--- Excerpted records Enclosed Below ---

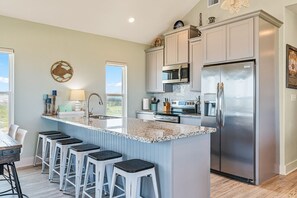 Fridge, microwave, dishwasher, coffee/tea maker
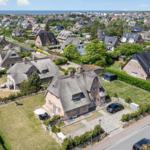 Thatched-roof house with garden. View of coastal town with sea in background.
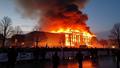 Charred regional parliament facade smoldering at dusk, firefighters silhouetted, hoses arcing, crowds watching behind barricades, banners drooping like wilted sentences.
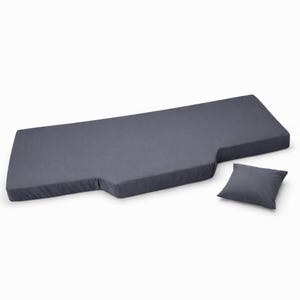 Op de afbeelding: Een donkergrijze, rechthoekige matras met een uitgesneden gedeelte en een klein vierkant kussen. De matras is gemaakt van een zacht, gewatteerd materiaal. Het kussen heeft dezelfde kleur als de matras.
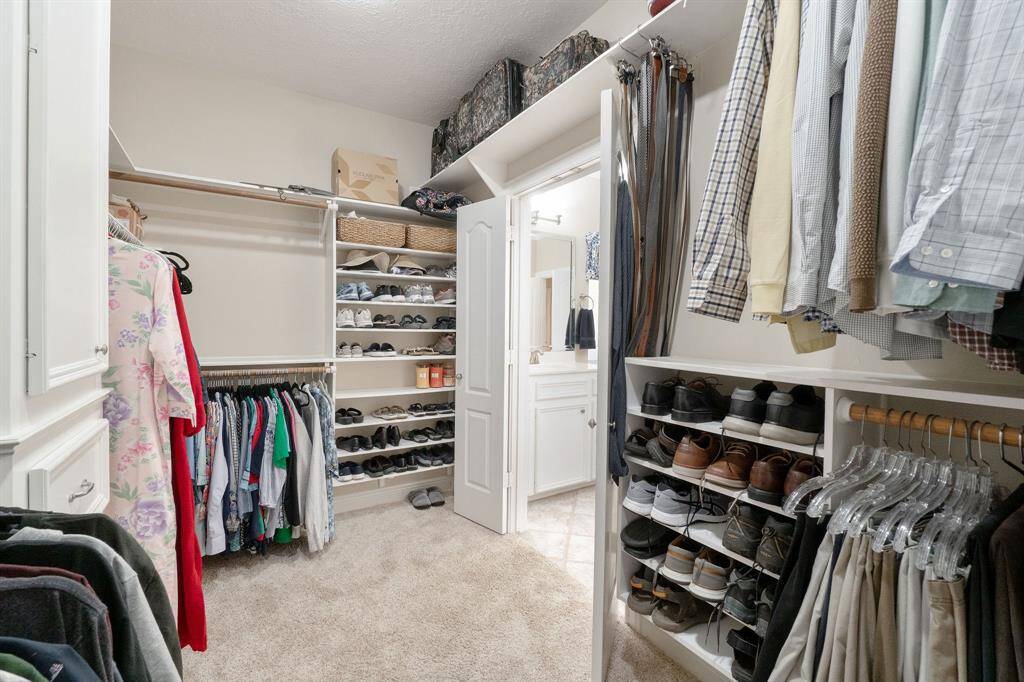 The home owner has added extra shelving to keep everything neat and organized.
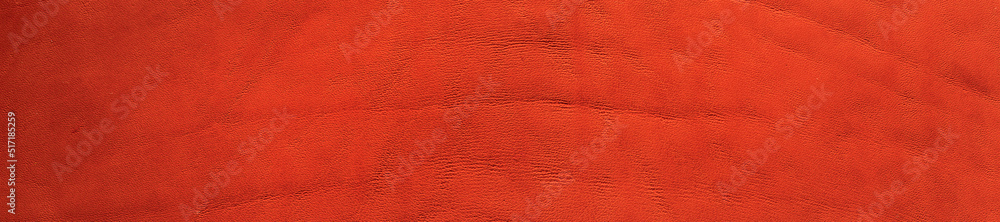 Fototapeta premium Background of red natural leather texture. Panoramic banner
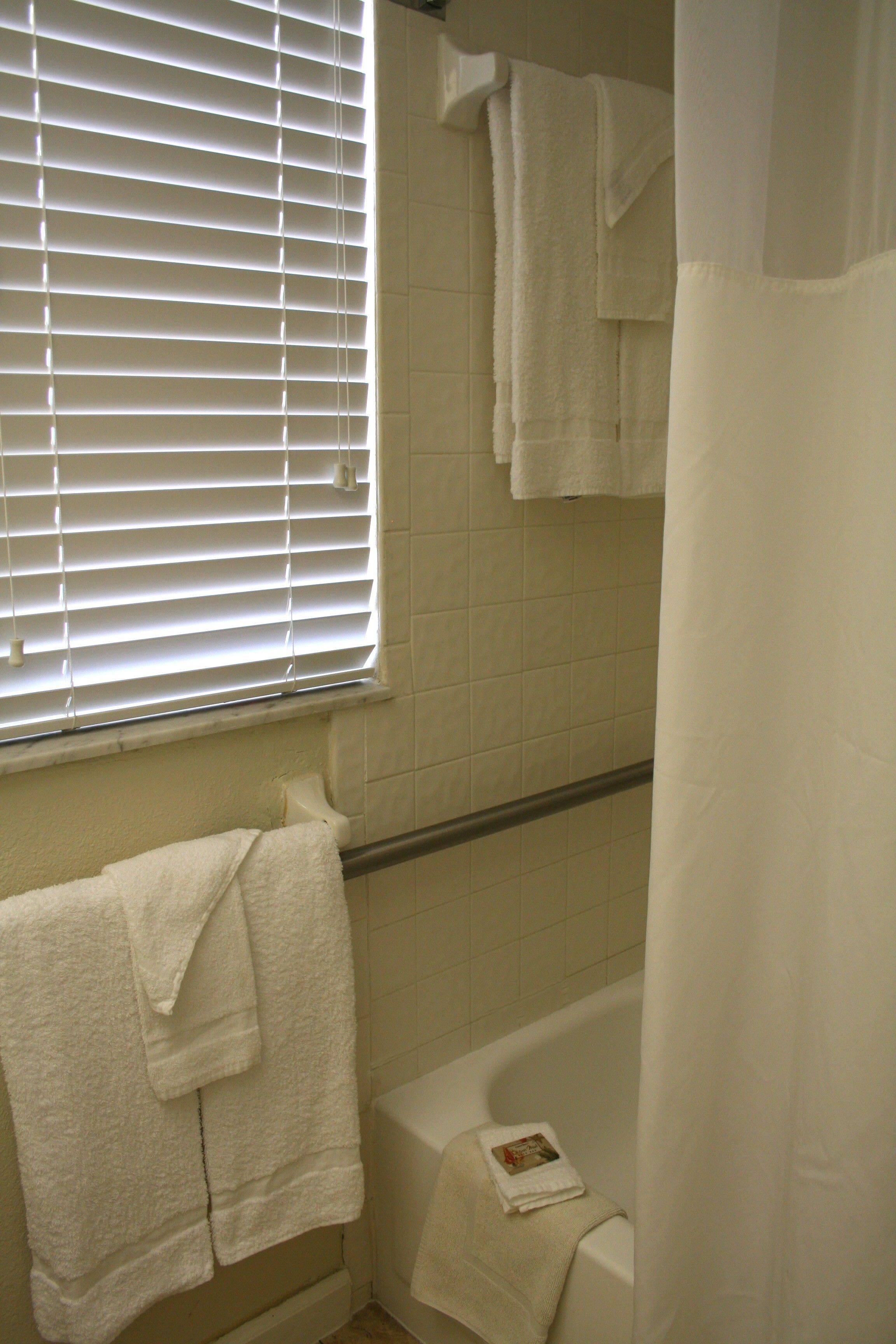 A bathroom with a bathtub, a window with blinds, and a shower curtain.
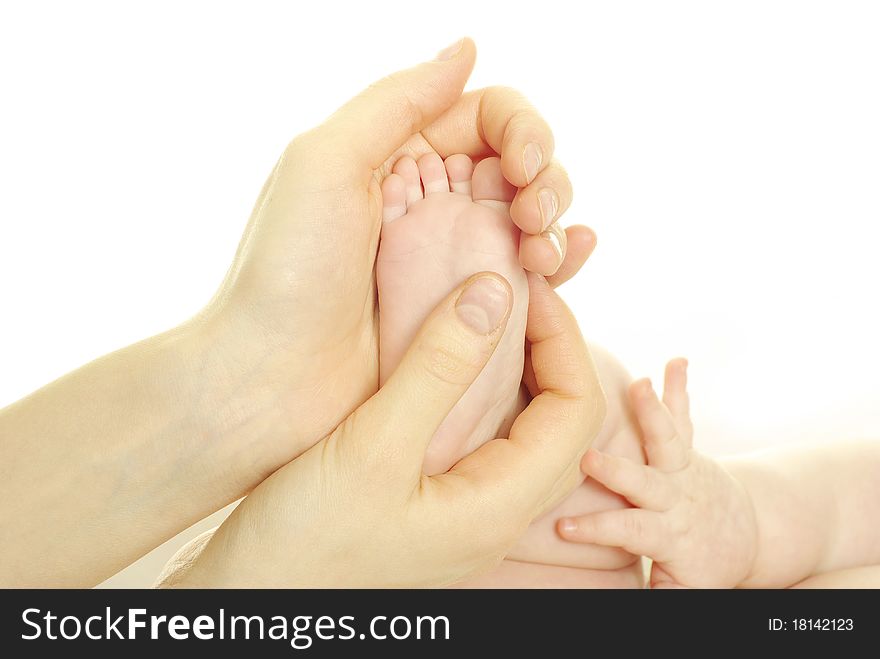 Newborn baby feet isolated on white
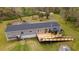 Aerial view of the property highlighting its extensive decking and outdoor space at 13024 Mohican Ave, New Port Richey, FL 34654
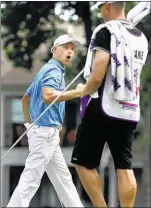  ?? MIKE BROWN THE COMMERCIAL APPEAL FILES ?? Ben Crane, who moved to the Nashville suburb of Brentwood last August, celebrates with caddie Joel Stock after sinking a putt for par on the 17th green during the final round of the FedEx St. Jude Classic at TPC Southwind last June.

--- End of Enclosed Excerpted records ---
--- Excerpted records Enclosed Below ---

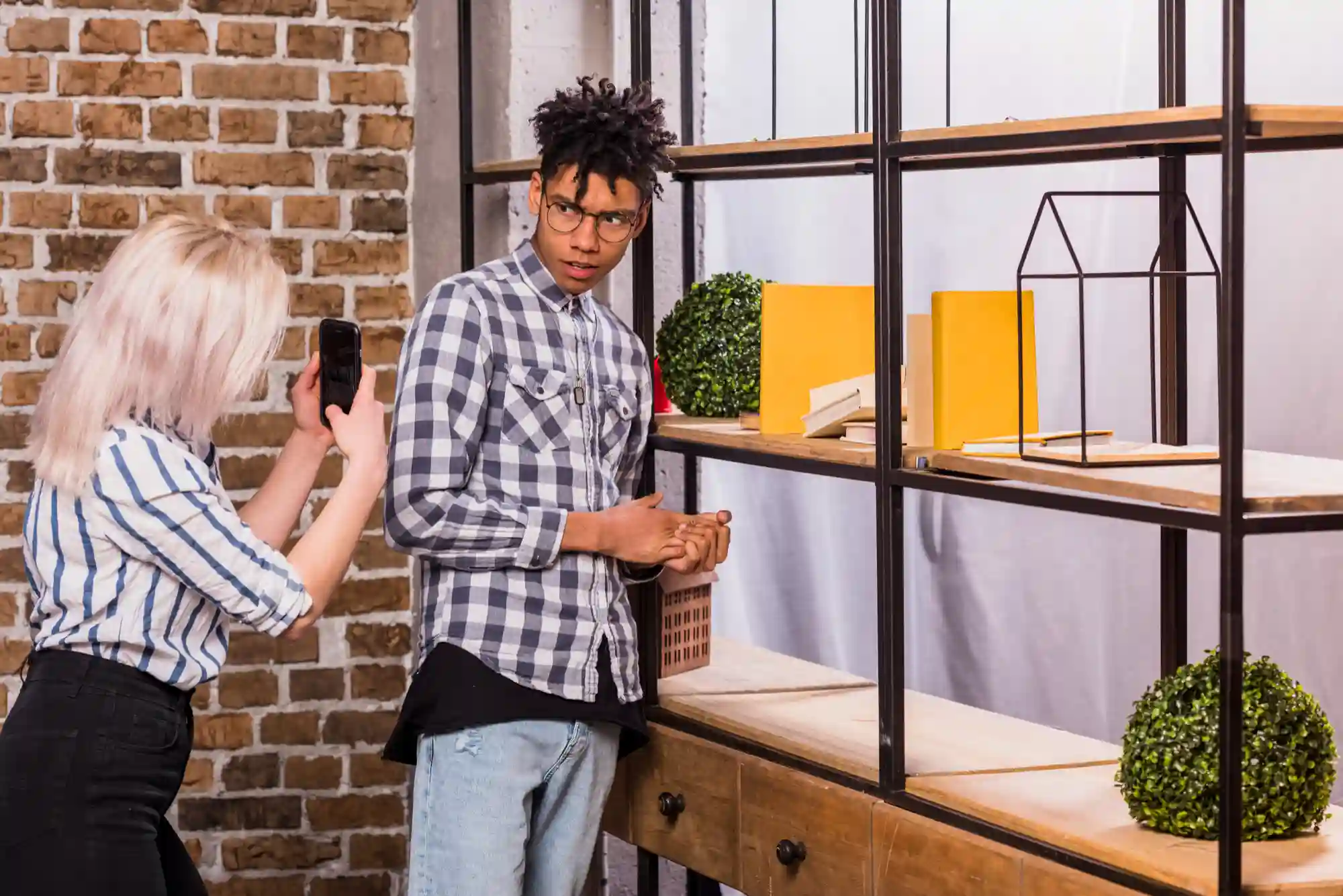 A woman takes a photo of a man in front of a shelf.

--- End of Enclosed Excerpted records ---

Instructions to follow:
All that should appear in the answer is the lines above from the line with "Fototapeta premium Background" through the line with "Newborn baby feet isolated on white", retyped exactly, pictures left out.

Expected answer:
 Fototapeta premium Background of red natural leather texture. Panoramic banner
 A bathroom with a bathtub, a window with blinds, and a shower curtain.
 Newborn baby feet isolated on white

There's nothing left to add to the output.